In order to avoid monthly private mortgage insurance (PMI) on a Conventional loan, a 20% down payment is required; however, to qualify for a Conventional loan or purchase a home, 20% down payment is not necessary.
Myth 2: My friend just closed last week with an interest rate of 2.5%. Don’t I get the same rate?
No two files are created equal. A ton of factors contribute to rate: credit score, down payment, loan size, length of rate lock, points paid at closing etc. In addition to all of the variables, the market changes daily, hourly -- heck -- even with every minute, the market is subject to change, and in turn, affecting the interest rate.
Myth 3: The bank or lender with the lowest interest rate is the best.
There’s no such thing as a free lunch. Even the lowest interest rate comes at a cost in either service or financing. Some banks and lenders will wrap origination, processing, underwriting and application fees, in addition to points into the closing costs to offset the interest rate. Whether you choose to pay more fees at closing, or opt for a slightly higher interest rate, make sure you compare scenarios apples to apples!
Talk to one of our loan officers to find out which program makes the most sense for you!
Myth 4: I can’t buy a home because I have student loans.
While having student loans, and any debt for that matter, will affect a borrower’s debt to income ratio (DTI), having debt will not prevent a person from qualifying to purchase a home. Student loans must be paid on time. For loans that are in income-based repayment plans, we may have to use 1% of the balance as monthly payment to qualify.
Myth 5: My down payment covers my closing costs.
Down payment is a percentage of your home’s sales price that you pay up front when you purchase a home. Closing costs are independent from your down payment and can range from 3% to 6% of your loan amount. Closing costs include third party fees such as title insurance, attorney, and appraisal inspection, as well as government taxes, escrow, and origination fees.
Myth 6: Renting is cheaper than buying a home.
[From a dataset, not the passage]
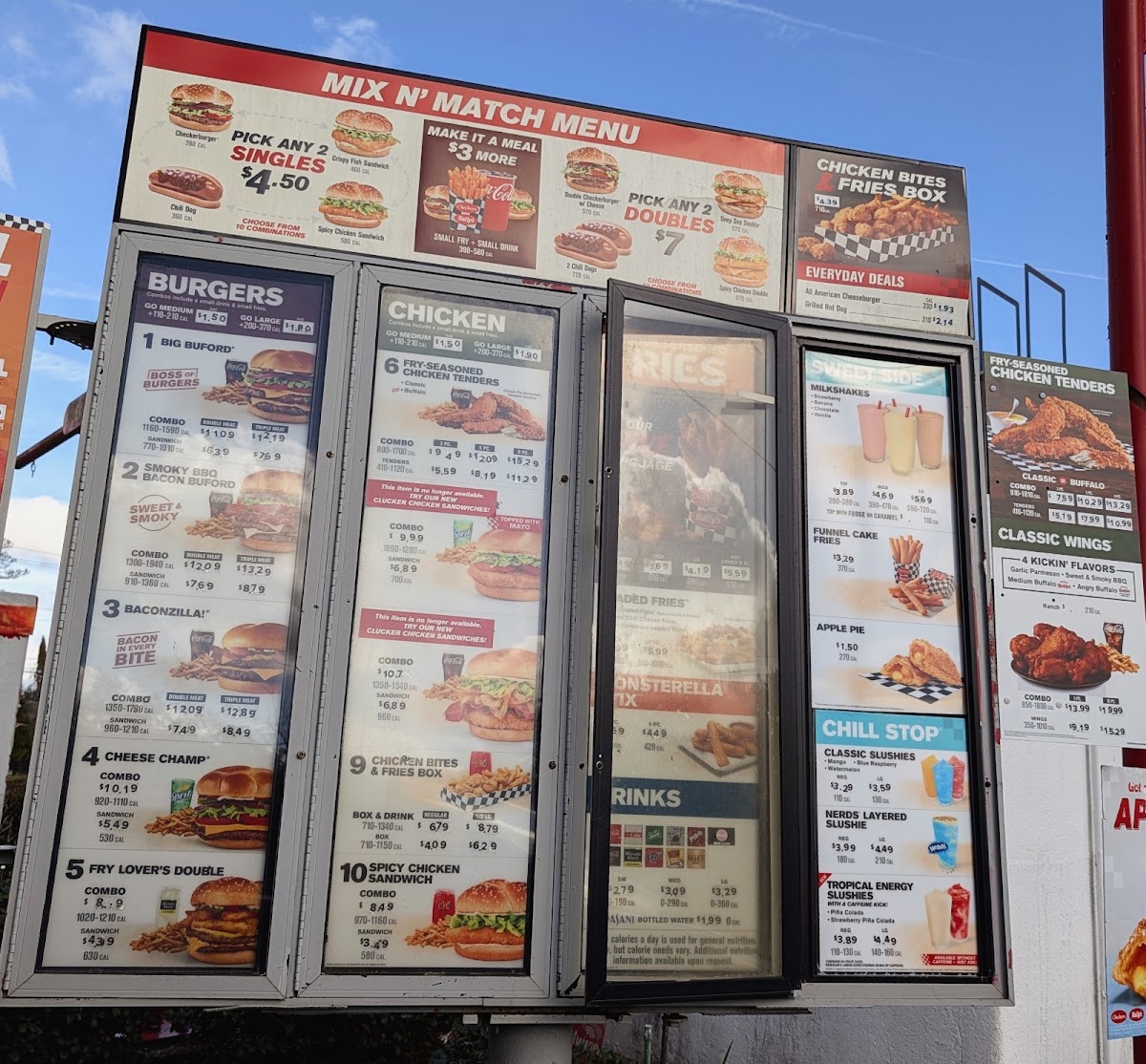Checkers Photo Menu 1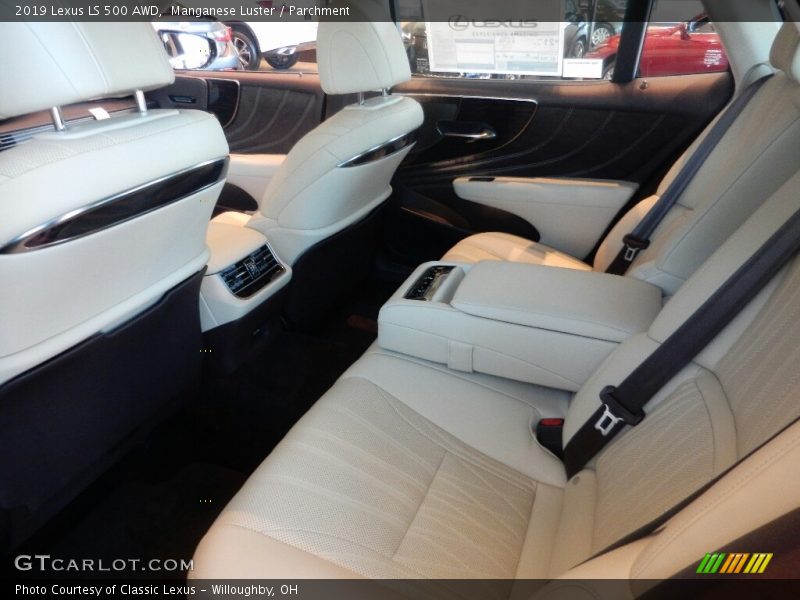 Manganese Luster / Parchment 2019 Lexus LS 500 AWD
Your monthly rent pays for your landlord’s mortgage; whereas when you’re the homeowner, you’re paying your own mortgage. Your monthly payment translates to equity in your home. With each passing year, you’re getting a return on your investment, instead of throwing your money away with nothing to show for it.
While you may have to front more money upfront to purchase a home, with a fixed-rate mortgage, your monthly principal and interest payments remain unchanged throughout the life of your loan. Rent prices have the potential to rise every year, and a security deposit that isn’t guaranteed money back with the switch of each rental.
Myth 7: I need perfect credit to buy a home.
Your credit may not be spotless, but that doesn't mean you can't buy a home. While conventional loans require a score of at least 620, loans backed by the Federal Housing Administration (FHA) only require a score of 580 for approval. To strengthen your file, there are other options beyond a perfect credit score like adding a co-borrower or making a larger down payment that can help you qualify for a loan.
Interest rate is affected and determined by your credit score. It is best practice to make sure your credit is in the best possible shape before you look to purchase a home, so that you aren’t paying more money in interest rate as a result of the lower credit score. You can raise your score by making sure to make your payments on time every month and maintaining a high amount of revolving availability.